TASK ITEM: From the first line of the records below, transcribe each line exactly up to and including the one with "Description: This image"; pictures stay out.

= = = = = = =

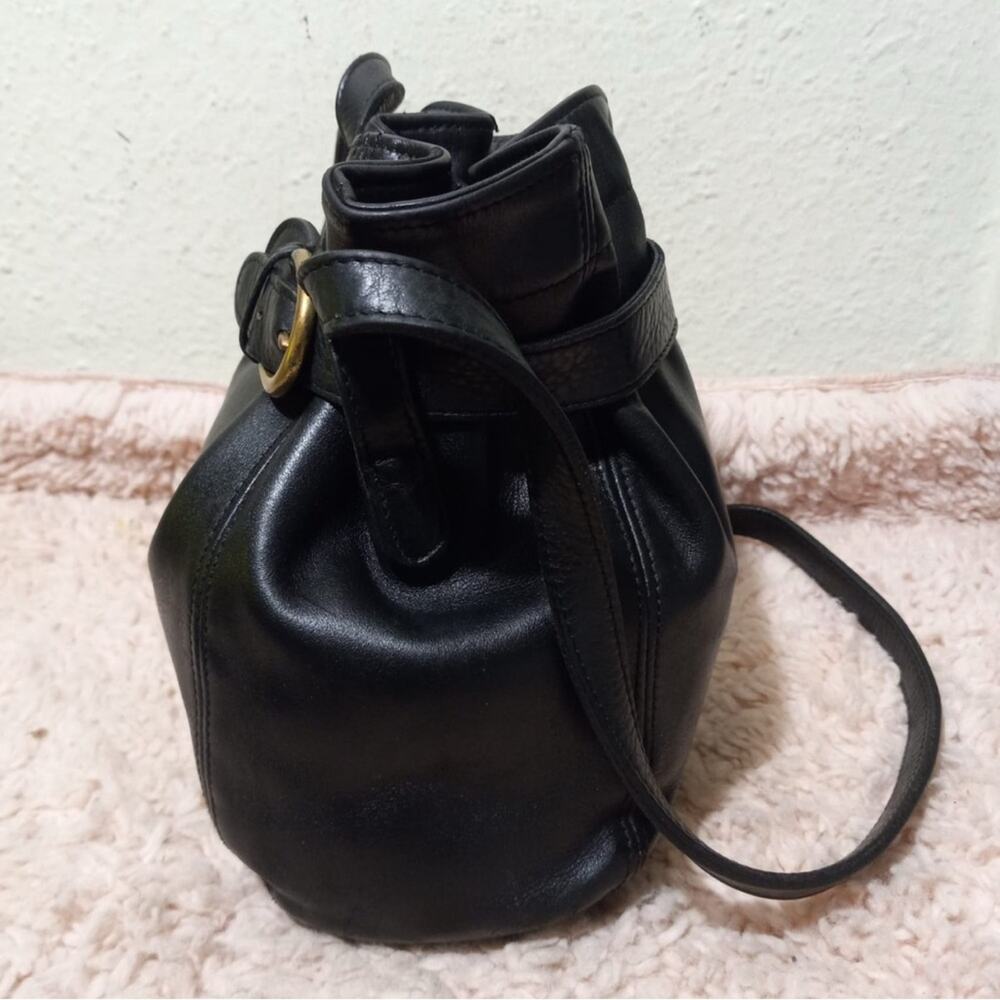 COACH 4156 Black Leather Drawstring Shoulder Bag Belted Pouch from Japan - Picture 3 of 7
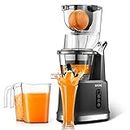 Slow Masticating Juicer Machine, SiFENE Vertical Cold Press Juicer with 3.2" Big Mouth for Whole Fruits and Vegetables, Easy to Clean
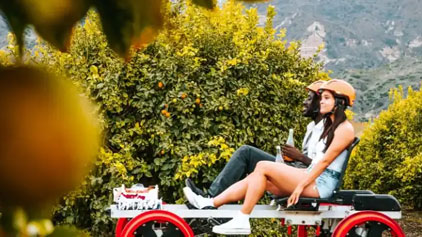 Description: This image features a person enjoying a leisurely ride outdoors on a railbike. The individual, wearing a safety helmet, denim shorts, a light-colored top, and white shoes, is seated comfortably on the red and silver railbike. Their relaxed posture and gaze directed upwards suggest a moment of contemplation or admiration of the natural surroundings. Lush greenery and vibrant foliage form the scenic backdrop, with hints of mountainous terrain visible in the distance. In the foreground, out-of-focus leaves add depth to the scene, framing the picturesque moment.

At GreatWorkPerks.com, we're dedicated to bringing you not only the joy of new experiences but also the satisfaction of savings—don't miss out on our discounts for the lowest prices on tickets for your next adventure!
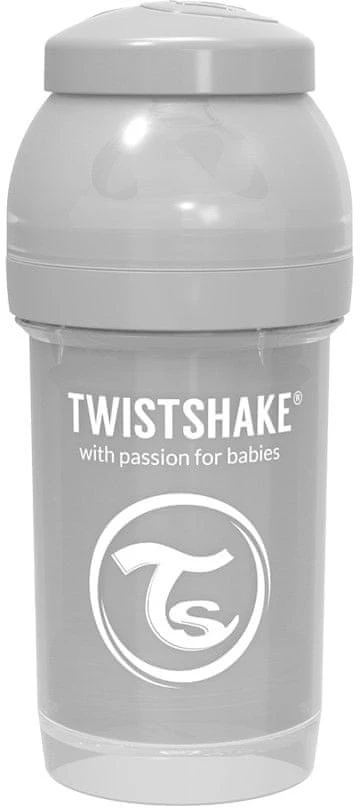 TwistShake ANTICOLIKAS ŠIRTINIMO BUTELIS 180 ml pilkas 0m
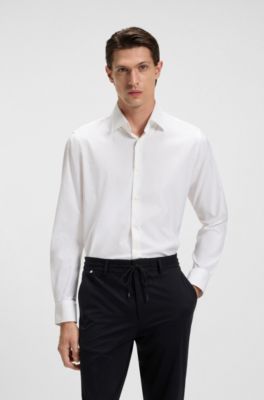 Regular-fit shirt in performance-stretch twill, White
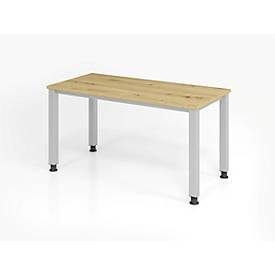 Hammerbacher, Hammerbacher Höhenverstellbarer gerader Schreibtisch mit 4 Füßen Express Q Eiche, Silber 1.200 x 672 x 685 - 810 mm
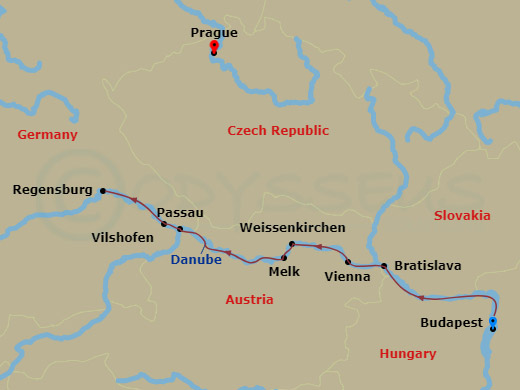 7 Night Melodies Of The Danube (Taste Of Christmas) With 2-Nights Budapest Pre-Cruise, 3 Nights Prague Post-Cruise Route Map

= = = = = = =

ANSWER BOX:
 COACH 4156 Black Leather Drawstring Shoulder Bag Belted Pouch from Japan - Picture 3 of 7
 Slow Masticating Juicer Machine, SiFENE Vertical Cold Press Juicer with 3.2" Big Mouth for Whole Fruits and Vegetables, Easy to Clean
 Description: This image features a person enjoying a leisurely ride outdoors on a railbike. The individual, wearing a safety helmet, denim shorts, a light-colored top, and white shoes, is seated comfortably on the red and silver railbike. Their relaxed posture and gaze directed upwards suggest a moment of contemplation or admiration of the natural surroundings. Lush greenery and vibrant foliage form the scenic backdrop, with hints of mountainous terrain visible in the distance. In the foreground, out-of-focus leaves add depth to the scene, framing the picturesque moment.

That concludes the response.